Vendor Risks: Preventing Recalls with ERM

Recall
In 2016 alone, there have been dozens of recalls, by food companies, car manufacturers, and vitamin producers, among others. Not only do these recalls greatly impact a company’s bottom line, they can also affect the health and safety of consumers. With this in mind, what can organizations—both within the food industry and otherwise—do to improve their chances of uncovering suppliers operating in subpar conditions? How can they mitigate the risk of recalls?

Customers of CRF Frozen Foods, for example, a full-line, individually quick frozen processing plant that packages fruits and vegetables for a variety of customers, recently had big problems when it was linked to a widespread listeria outbreak. Contaminated foods affected big-name distributors like Trader Joe’s, Costco and Safeway, and some customers fell ill as a result.

Even though a series of sanitation concerns and other facility issues at CRF had been exposed by regulators as early as 2014, the factory was allowed to continue operating and its customers weren’t notified.

Red flags raised by regulators aren’t always seen by the companies they’re most relevant to, however. The fact that these outbreaks occurred seems to demonstrate that customers’ vendor management practices either failed or simply weren’t robust enough to detect issues. It all comes down to effective enterprise risk management (ERM). ERM provides the tools and framework that allow any organization to standardize processes and effectively mitigate vendor risk.

An ERM approach is characterized by standard criteria, interdepartmental communication, and automatic alerts and notifications. It keeps everyone in the organization on the same page and ensures assessment results are always understandable and accessible. This eliminates redundancy in the risk management process. As a result, you can quickly and easily determine the last time your organization evaluated a supplier. Something as simple as a notification that regulators have published new requirements might save your organization from acquiring infected or defective products.

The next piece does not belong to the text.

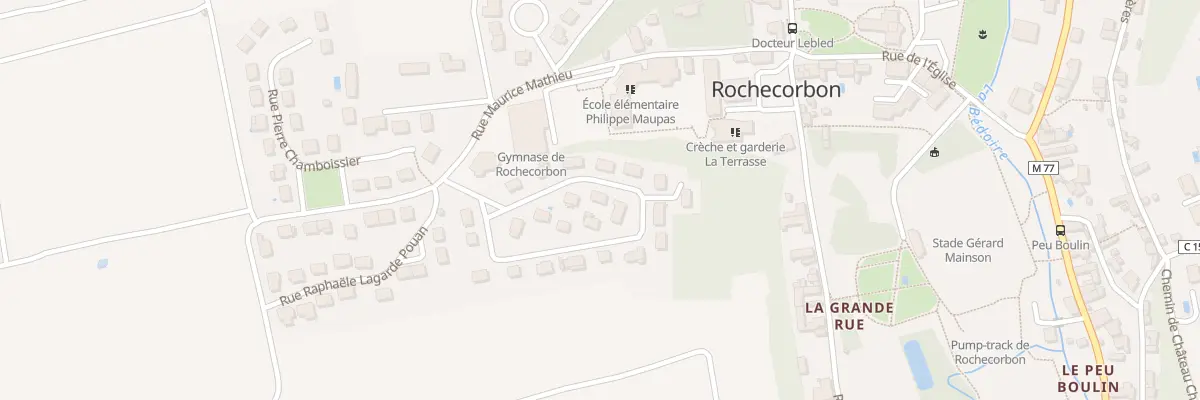 Plan du 22 Rue de la Treille à Rochecorbon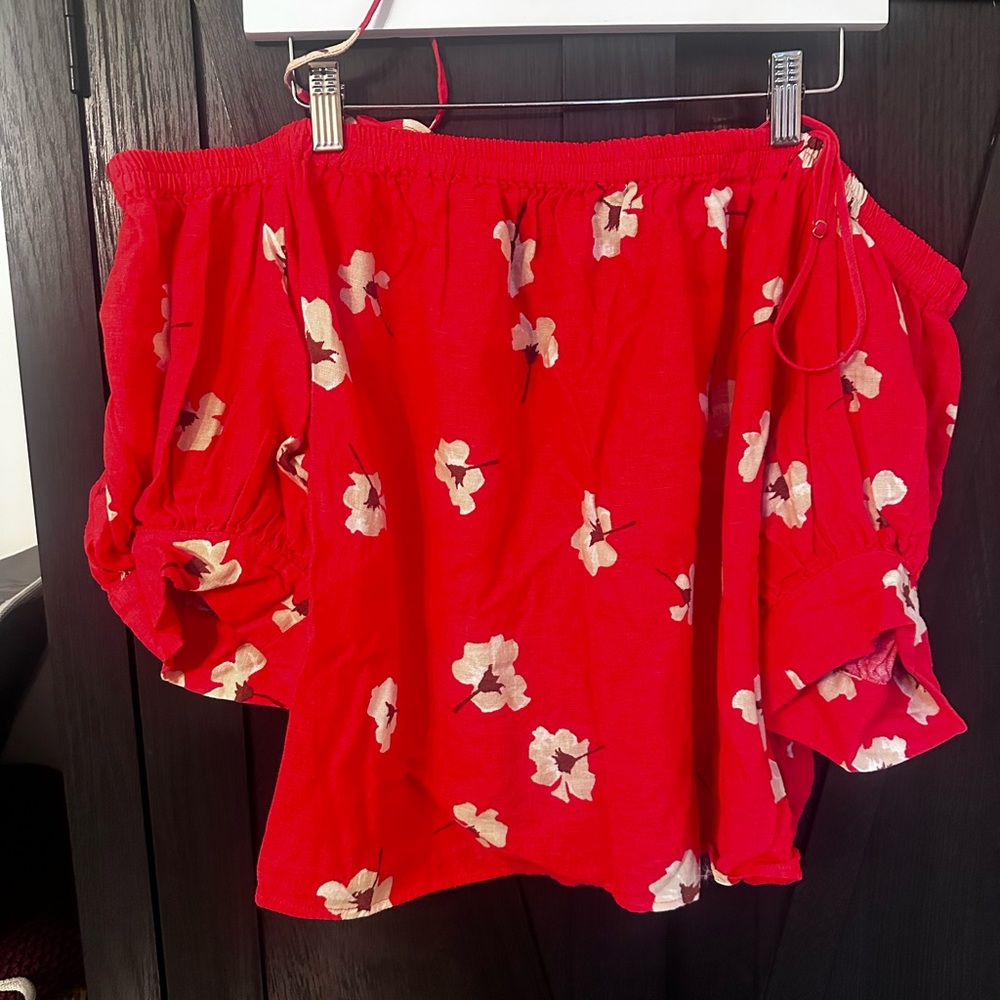 Universal Thread Blouse Flowered Off Shoulder size XL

There are three general stages that apply to any successful risk management effort:

  1. Identify specific risks, followed by assessment and evaluation
  2. Implement tailored mitigation activities to address those risks
  3. Monitor those mitigations to ensure long-term effectiveness

The first step serves as the foundation for steps two and three. Without a proper understanding of what risks your organization faces, it is impossible to prioritize and mitigate them. Especially across multiple business departments or within supply chains—it is quite difficult to identify and account for every variable.

To keep up with vendors’ fluctuating conditions, teams need to systematically identify and assess risks, catching them as they crop up. Preventing assessments from becoming obsolete is the key to keeping a pulse on everything that may affect the business, therefore avoiding unwanted surprises.

Risk assessments also help determine the best way to allocate limited resources. Minimizing vendor-related risks needn’t be burdensome, however. It should be a streamlined process that, by enabling you to avoid harmful incidents, improves operational efficiency. Once your risk assessments reveal the areas of highest priority, you can determine exactly how to mitigate those concerns.

The Freedom of Information Act can be extremely helpful when it comes to your third-party risk management efforts. It grants all companies the right to ask vendors for specific information about plant processes, worker training, sanitation practices, and maintenance. Suppliers are required to be forthcoming with all information (when asked), and teams need to take advantage of this opportunity. It is an important part of the risk management equation and will help you understand your risks before disruptions occur.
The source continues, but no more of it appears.